Affiliation:
1. Institute of the Problems of Northern Development, Tyumen Scientific Center, SB RAS
2. Tyumen State University
Abstract
This article attempts to illustrate current approaches to the study of religious phenomena using the landscape framework. The authors identify similarities and differences in the interpretations of the most common terms used in foreign research to describe religion. The article shows that their semantic difference is mainly determined by their use as tools of either cultural geography or social anthropology. In particular, cultural geography focuses on the material objects of cultural landscapes and their geographical distribution, while social anthropology highlights specific features of people’s religious discourse and practices and analyses social processes that shape the modern world landscape.
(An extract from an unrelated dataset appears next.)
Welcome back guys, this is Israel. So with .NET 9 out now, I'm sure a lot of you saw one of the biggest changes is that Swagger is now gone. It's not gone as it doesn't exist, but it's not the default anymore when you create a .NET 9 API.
The term religious landscape can be used in the following ways, depending on how it is operationalized. First, it refers to the totality of material objects associated with religion. Secondly, it refers to the places where rituals take place. Finally, it refers to the territory in which followers of particular religious traditions live. The term religioscape implies a situation of conflict or complementary interaction between followers of different religions sharing the same space. Sacred landscape is sometimes applied as a synonym for the term religious landscape meaning a set of religious material objects. Sometimes it means a complex of natural places or objects of worship (mountains, hills, swamps, and others) that provides a general framework for various individual religious landscapes within it. The term sacroscape refers to the historically formed material manifestations of religiosity influencing both contemporary people and earth’s surface. The term spiritual landscape has several basic meanings. On the one hand, it is used as a synonym for religious landscape or sacred landscape. Secondly, it serves as a broader, generalizing term to describe all aspects of human interaction (ideas, objects, practices) with the supersensible world. Finally, the term spiritual landscape refers to spaces of not only ritual but also everyday practices.